Goodness of fit metrics#

So far, we’ve mostly been fitting datasets with small numbers of dimensions and identifying good or bad fits by eye.

import numpy as np
import pandas as pd
import matplotlib.pyplot as plt

Ansatz fitting (traditional HEP)#

When fitting data with a parameterized functional form, traditional HEP analyses would check that the reduced \(\chi^2\),

\[\chi^2 / N_{\mbox{dof}} = \sum_i^N \left[ f(x) - y \right]^2 / N_{\mbox{dof}}\]

is close to 1. The \(N_{\mbox{dof}}\), number of degrees of freedom, is the number of data points \(N\) minus the number of parameters in the ansatz. This \(\chi^2\) is the regression loss function evaluated on training data, and using \(N_{\mbox{dof}}\) as the denominator adjusts for the bias that is introduced by judging the fit by how well it performs on training data. Anyway, the number of parameters in the ansatz is always much less than \(N\), so overfitting is unlikely.

The “close to 1” criterion can be a little more formal by instead computing the \(\chi^2\) probability as \(P(\chi^2, N_{\mbox{dof}})\) from

\[P(x, n) = \frac{1}{2^{n/2} \Gamma(n/2)} x^{n/2 - 1} \exp(-x/2)\]

which is available in SciPy as scipy.stats.chi2. This probability, when computed for many similar fits, should be nearly uniform between \(0\) and \(1\), so values that are very close to \(0\) are likely underfitted and values that are very close to \(1\) are likely overfitted.

The loss function#

For many-parameter ML fits, we need to be more careful about overfitting. In fact, overfitting is the usual case, since the easy way to produce an optimal model is to give it too many parameters and restrict them with regularization.
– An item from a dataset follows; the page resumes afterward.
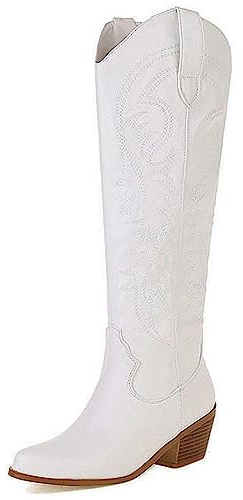 CRETUAO Botas Altas hasta la Rodilla Occidentales Bordadas Mujer,Botas largas tacón Grueso con Punta Puntiaguda a la Moda,Botas Vaqueras tacón Medio con Mariposa clásica Retro,Blanco,44 EU
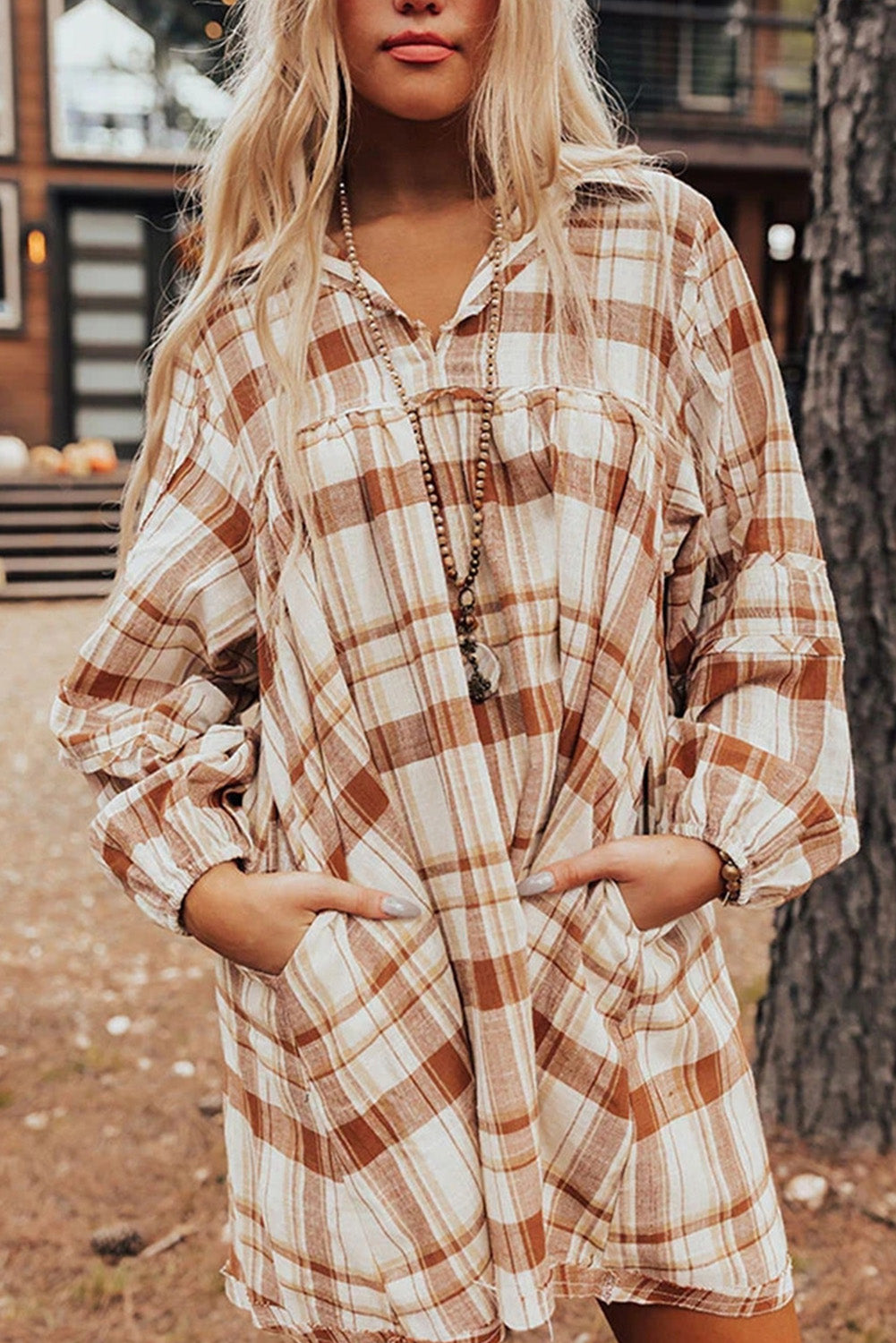 Plaid Babydoll Mini Dress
As we’ve seen, evaluating the loss function for the training data and the validation data, both as a function of epoch, reveals overfitting by a divergence between these two curves. Usually, the validation loss levels out (overfitting to the training data doesn’t help the model generalize), but in principle, overfitting could make the validation loss get worse with epoch.

For regression problems, you can also look at the raw residuals,

\[\mbox{residual}_i = f(x_i) - y_i\]

or pulls, which are weighted by uncertainties \(\sigma_{y_i}\),

\[\mbox{pull}_i = \left[f(x_i) - y_i\right] / \sigma_{y_i}\]

their mean (the “bias” of the model) and standard deviation (the “resolution” of the model). All of these, however, are components of the \(\chi^2\) (for a weighted regression in the case of pulls). It can be useful to break this down, rather than only looking at the \(\chi^2 / N_{\mbox{dof}}\) as a summary, but they’re all parts of the same thing.

For classification problems, there’s another suite of goodness-of-fit measures we can consider.

Confusion matrix#

Story time:

Once upon a time, a shepherd boy got bored while tending the village’s sheep. For fun, he cried, “Wolf!” even though there was no wolf. The villagers ran to protect the sheep, then got mad when they saw that there was no wolf.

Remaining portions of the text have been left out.